Millimeter wave spectrum for 5G cellular networks
The era of operating wireless systems at the millimeter wave spectrum, ranging from 30 GHz to 300 GHz, is coming. With several gigahertz potential spectrum, mmWave will be used for access channels in 5G cellular networks. The Federal Communications Commission (FCC) in the USA has been considering making rules to authorize mobile operations in certain mmWave band with county-size licenses.
MmWave cellular networks will operate in a different manner from conventional cellular systems below 6 GHz: for one thing, measurements reveal different propagation conditions, , e.g. the sensitivity to blockage, at mmWave from those at sub-6 GHz frequencies; for another, mmWave cellular networks will apply different architectures, e.g. analog or hybrid directional beamforming with large arrays, for signal processing.

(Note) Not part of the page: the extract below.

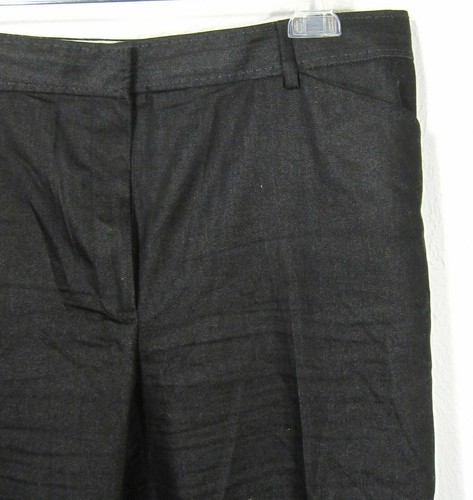T Tahari Flair Pierna Vestido Pantalones Talla 14 Negro Sólido - Imagen 4 de 10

Consequently, new mathematical models are required for analyzing mmWave cellular networks, as previous ones for low frequencies do not directly apply.
Our group has made breakthroughs in building up analytical models for mmWave cellular networks, using stochastic geometry. The proposed model takes account for key mmWave features, including the blockage effects from buildings and human bodies, and the use of directional beamforming. Based on the model, the distributions of the SINR and rate in mmWave cellular systems were derived in analytical expressions. The results showed that given the blockage distributions, the mmWave performance is much sensitive to the base station density: comparable SINR coverage to that in the low frequency system can be achieved with sufficient base station density, which translates into much higher rate due to the larger bandwidth.
Another application of the mmWave system model is to compare the performance of massive MIMO in sub-6 GHz and mmWave bands using a common framework. Our analysis showed that in terms of the throughput per unit area, the optimal carrier frequency to deploy massive MIMO depends on the base station density: mmWave outperforms in dense base station networks, while its performance degrades with sparse base stations due to the coverage holes resulted from blockage effects.